ThinkParQ Launches BeeGFS on Demand Parallel Storage

Print Friendly, PDF & Email

beegfsThis week ThinkParQ launched BeeGFS on Demand parallel storage offering. Dubbed BeeOND, the new offering allows users with HPC clusters to generate job-dedicated parallel filesystem instances on demand.

With the announcement of BeeOND we take the next step in parallel storage,” said Jan Heichler from ThinkParQ. It can not only be used as a burst buffer for write-intensive workloads, but enables system administrators to free up their central storage from all kinds of performance-critical workloads – and at the same time boost the performance of them. We see that the adoption of SSDs for storing data in compute nodes is not very broad yet, mostly because capacity is still expensive while a single SSD provides more than enough performance for a single compute node. BeeOND will solve this problem by aggregating the capacity of several reserved compute nodes into one shared name space. And with its efficient architecture it will also deliver the aggregated performance. We consider this a game changer for a range of applications.”

insideHPC readers may remember that BeeGFS is the new name for the the Fraunhofer Parallel Cluster File System, which has been taken to market (Red Hat style) and fully supported for the enterprise by ThinkParQ.

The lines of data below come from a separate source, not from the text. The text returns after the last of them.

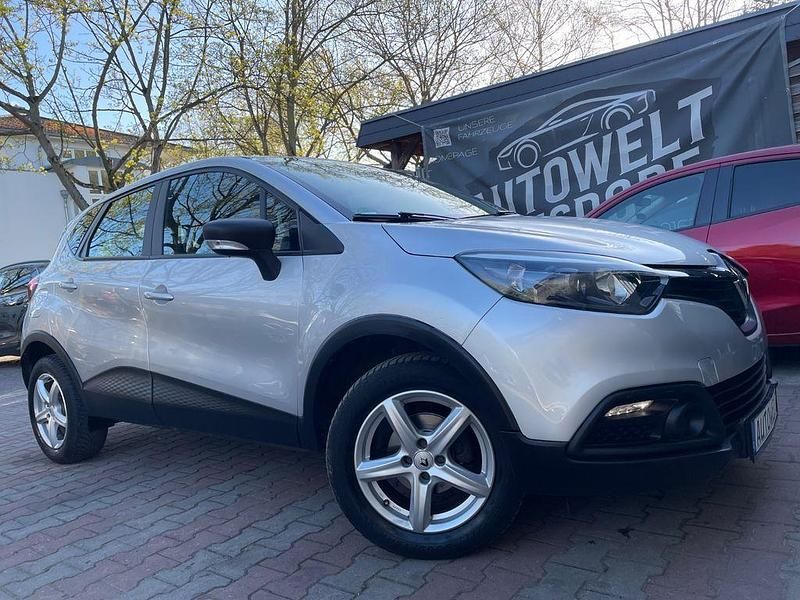 Second-hand Renault Captur 90 CP (66 kW) 2016 SUV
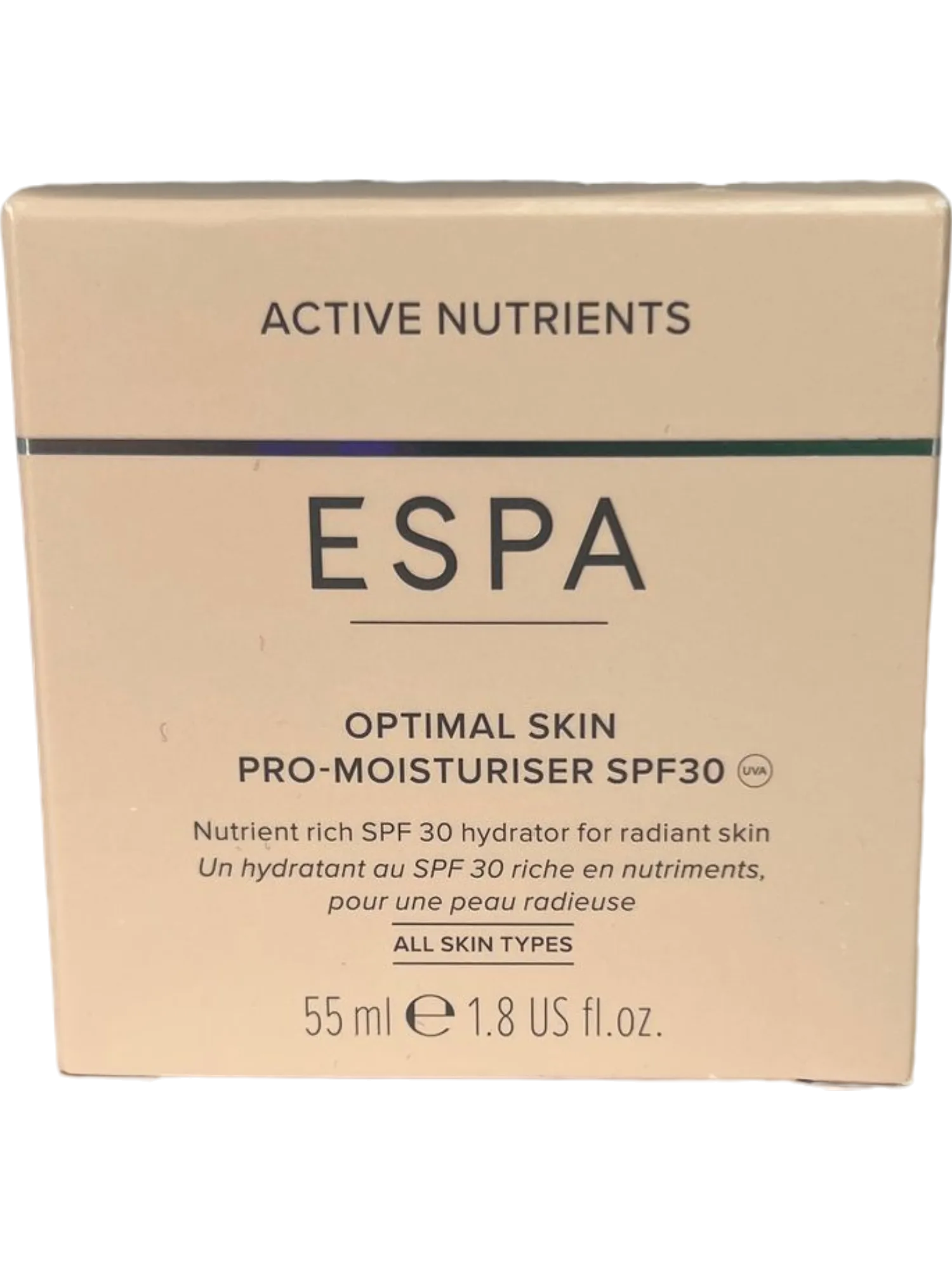 ESPA Optimal Skin Pro-Moisturiser SPF30 Skin Hydrator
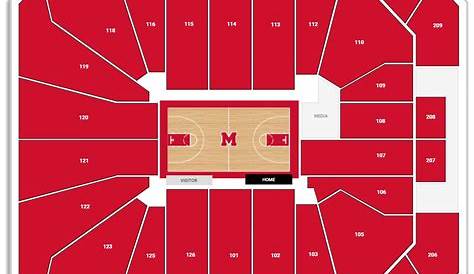 Xfinity Center Seating Chart Maryland | Review Home Decor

Today’s HPC workloads are demanding when it comes to storage performance. More and more HPC cluster systems come with a central storage system based on a parallel filesystem. Still, for some workloads with special I/O-patterns, compute nodes are often equipped with local hard disks or SSDs. The issue with that approach is that one doesn’t have either the advantage of a single name space nor the flexibility and performance of a number of aggregated drives. This is where BeeOND comes into play by providing a shared parallel filesystem on a “per job basis” across all compute nodes being assigned to that particular job. It is based on the extremely lightweight architecture of BeeGFS and also includes a fully scalable metadata architecture – therefor BeeOND doesn’t interfere with the running application.

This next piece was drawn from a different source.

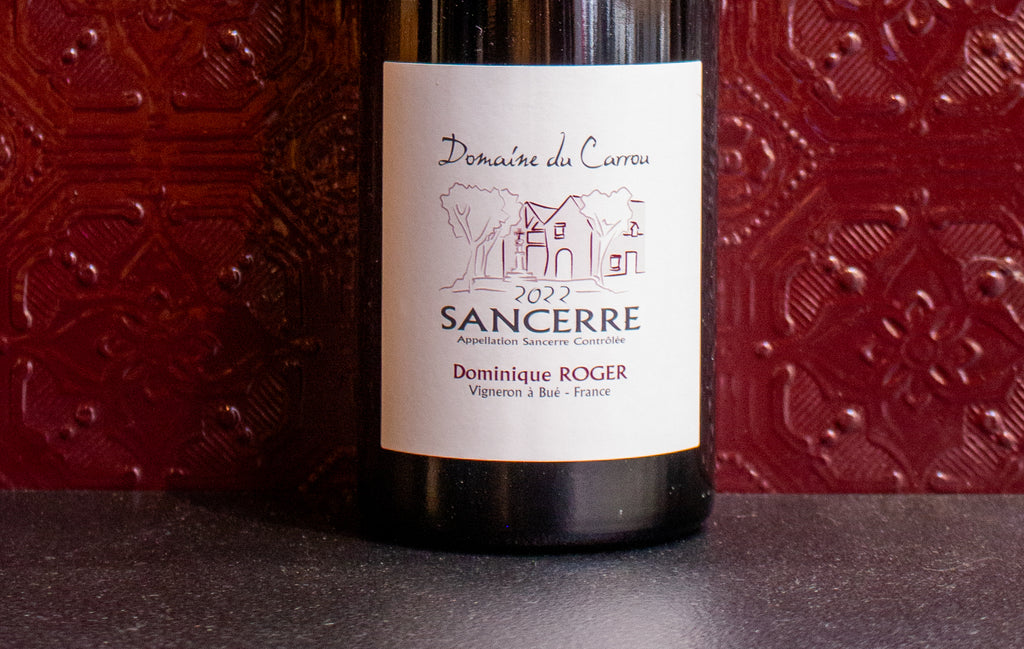 Sancerre - Domaine du Carrou - 2022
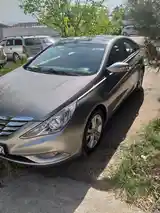 Hyundai Sonata, 2010-4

BeeOND is designed to aggregate IOPS, bandwidth and capacity of local SSDs or hard disks in compute nodes for the duration of a compute job. This adds a new way of flexible usage to many compute clusters. Furthermore it integrates with workload managers such as torque or PBS Pro for easy usage. The startup and destruction of the filesystem don’t take more than a few seconds due to the efficient architecture of BeeOND.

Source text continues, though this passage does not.